┏━━
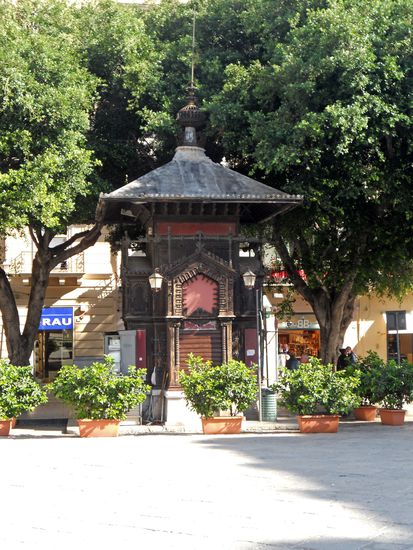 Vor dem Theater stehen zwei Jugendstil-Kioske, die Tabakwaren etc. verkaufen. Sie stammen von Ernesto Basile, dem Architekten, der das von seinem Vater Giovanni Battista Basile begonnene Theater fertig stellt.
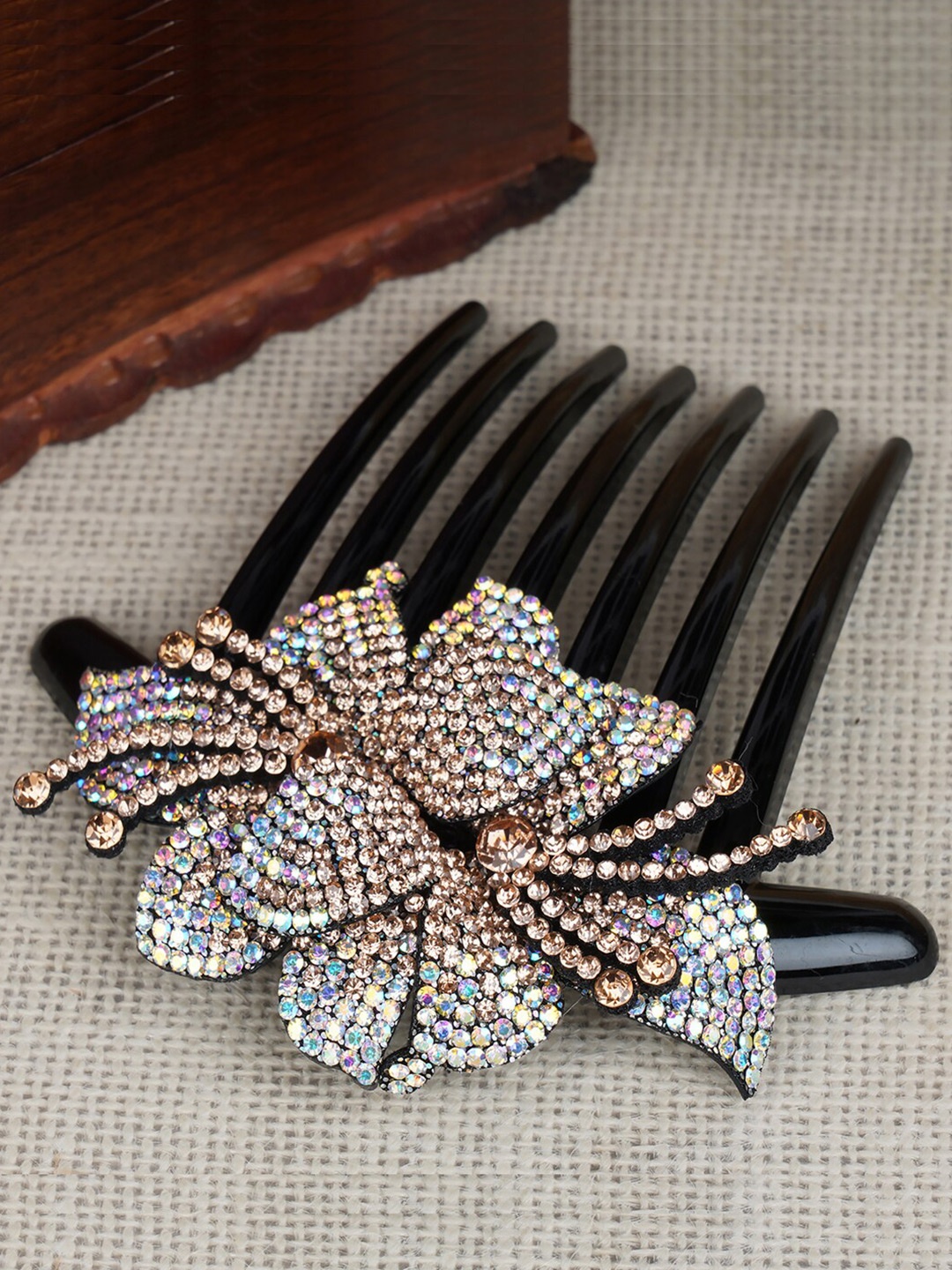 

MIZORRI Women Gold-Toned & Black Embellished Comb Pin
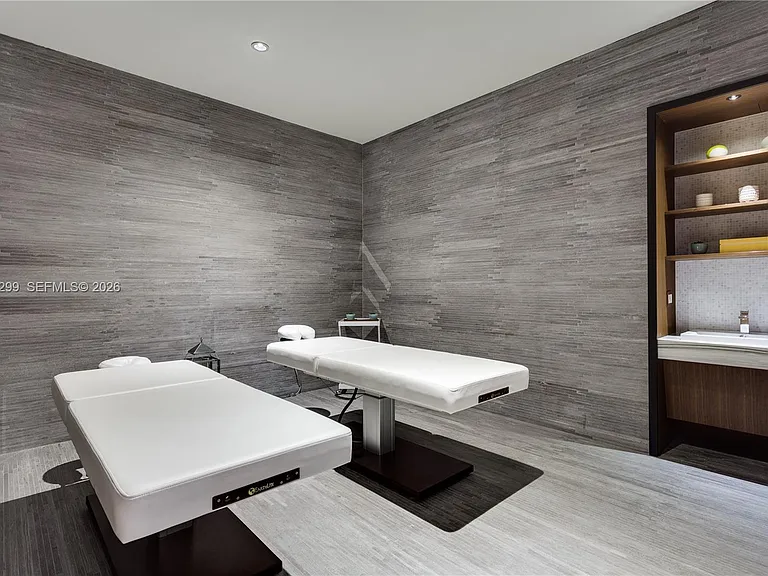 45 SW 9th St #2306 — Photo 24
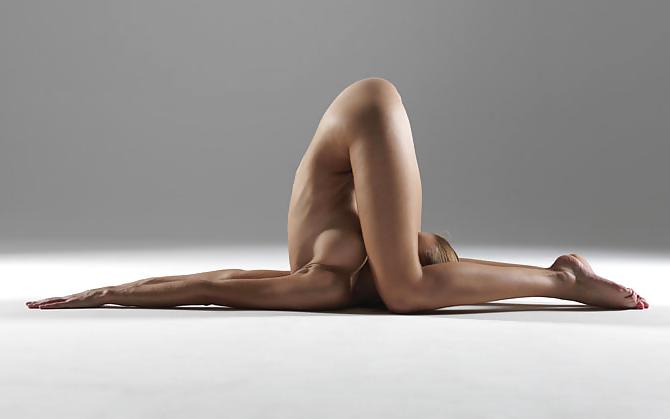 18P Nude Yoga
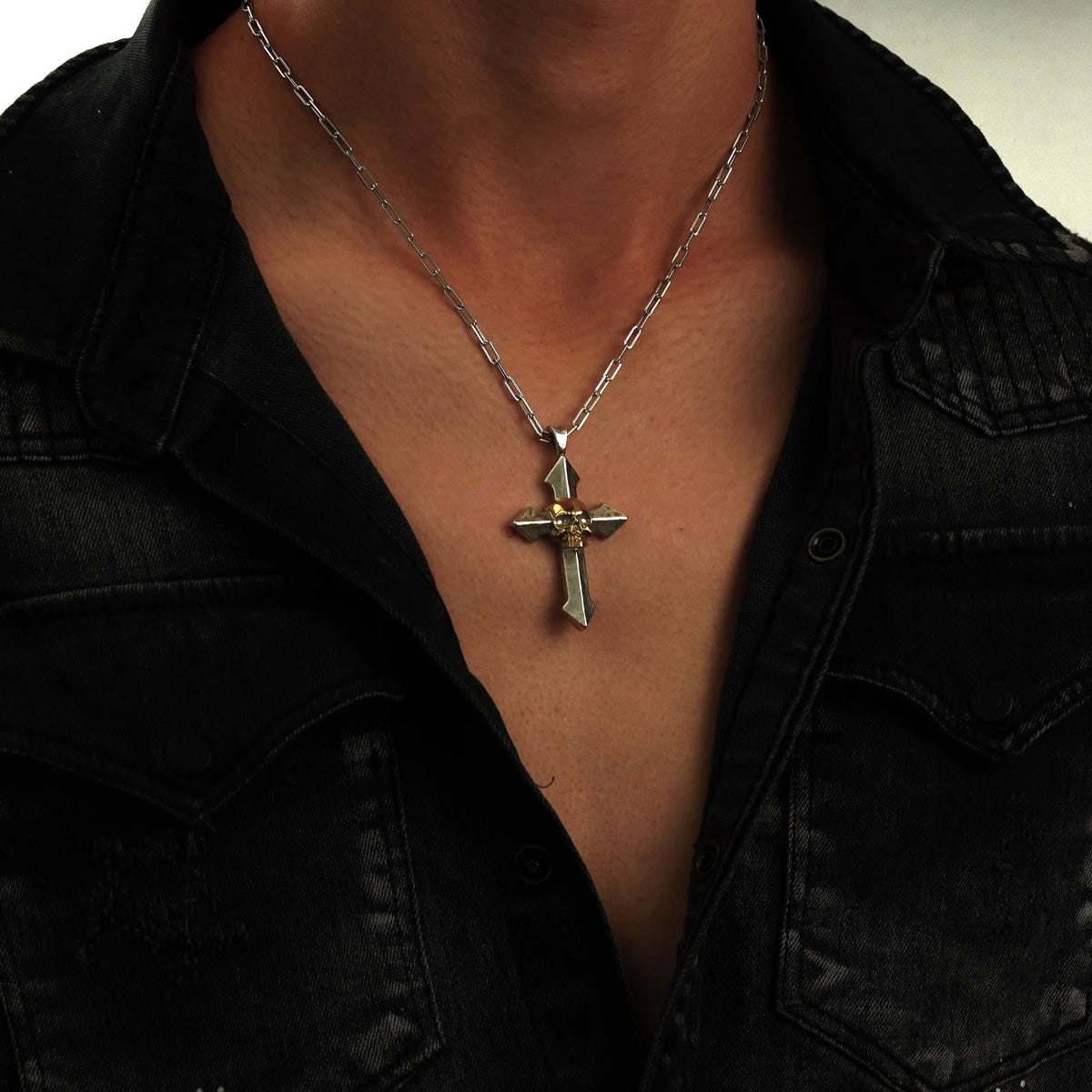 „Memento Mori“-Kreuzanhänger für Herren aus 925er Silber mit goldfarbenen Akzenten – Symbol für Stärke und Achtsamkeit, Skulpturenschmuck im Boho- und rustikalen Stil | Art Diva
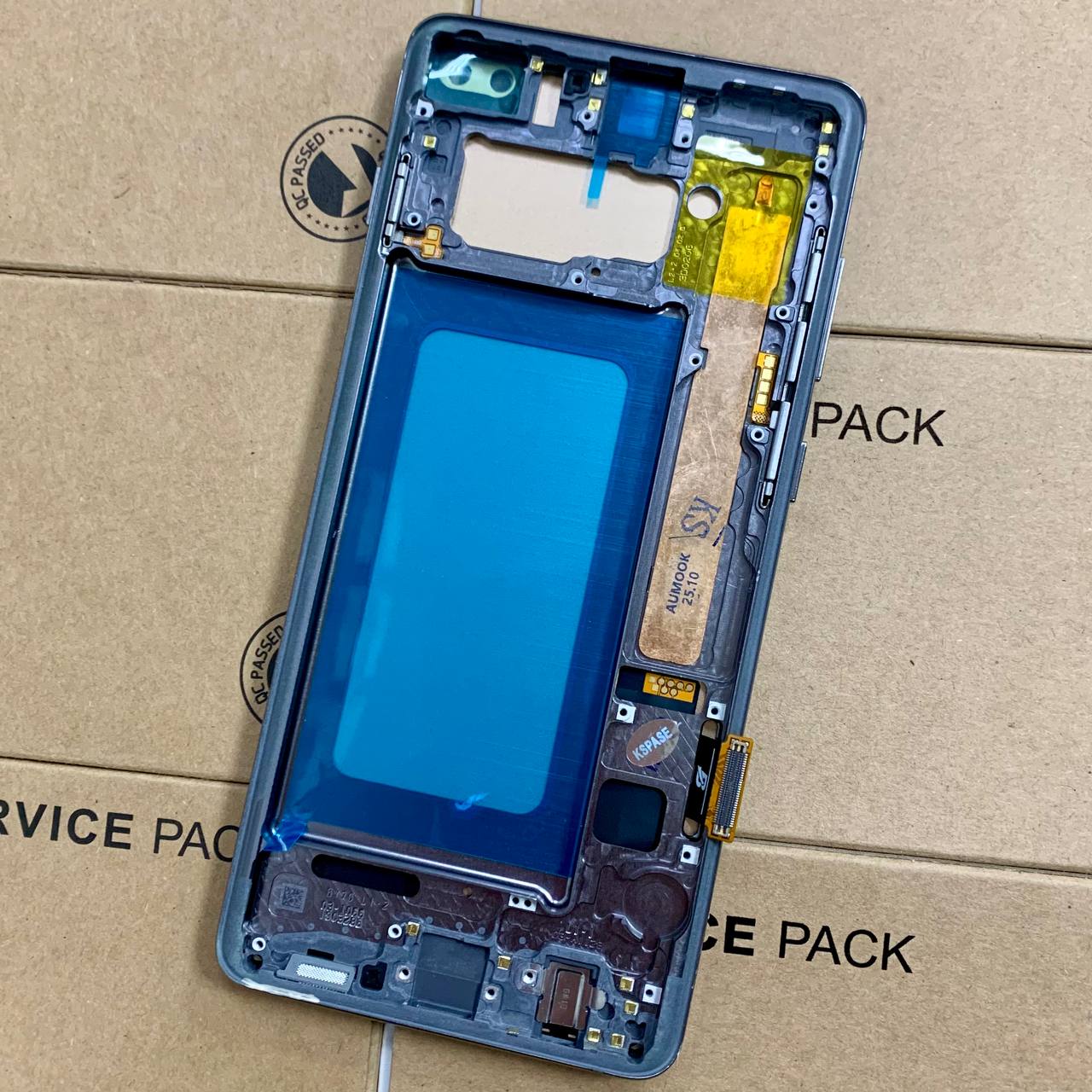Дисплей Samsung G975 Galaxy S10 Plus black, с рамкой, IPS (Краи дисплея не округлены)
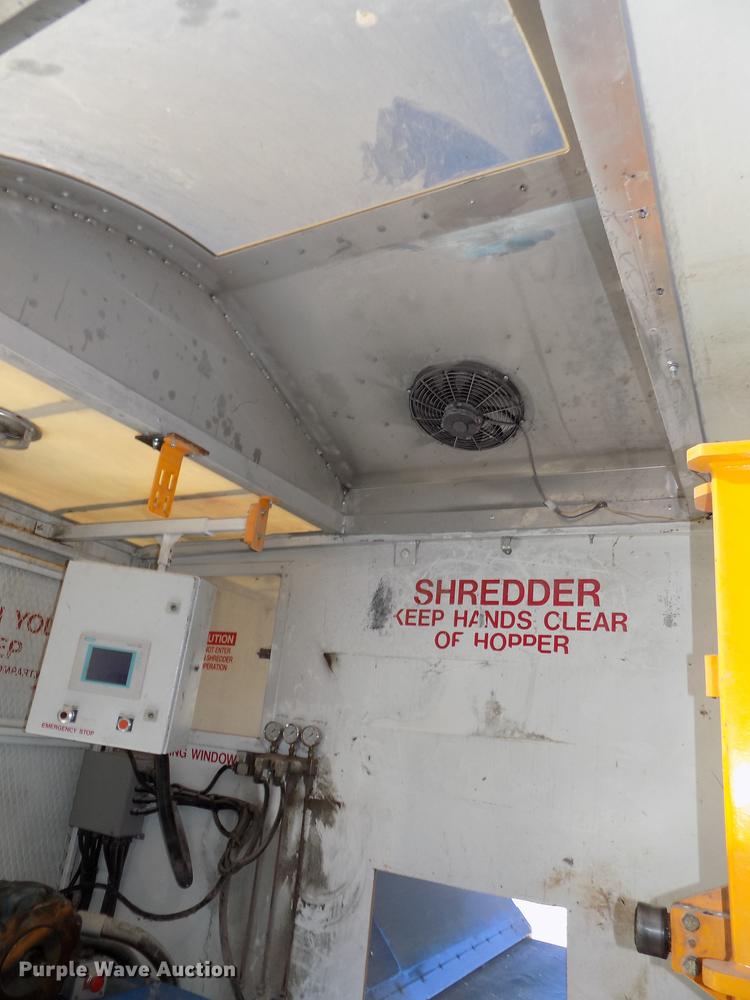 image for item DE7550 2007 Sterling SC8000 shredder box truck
┗━━
What should appear is an exact reproduction of the lines from the one with "MIZORRI Women Gold-Toned" through the end of the material above, and no pictures.

MIZORRI Women Gold-Toned & Black Embellished Comb Pin
 45 SW 9th St #2306 — Photo 24
 18P Nude Yoga
 „Memento Mori“-Kreuzanhänger für Herren aus 925er Silber mit goldfarbenen Akzenten – Symbol für Stärke und Achtsamkeit, Skulpturenschmuck im Boho- und rustikalen Stil | Art Diva
Дисплей Samsung G975 Galaxy S10 Plus black, с рамкой, IPS (Краи дисплея не округлены)
 image for item DE7550 2007 Sterling SC8000 shredder box truck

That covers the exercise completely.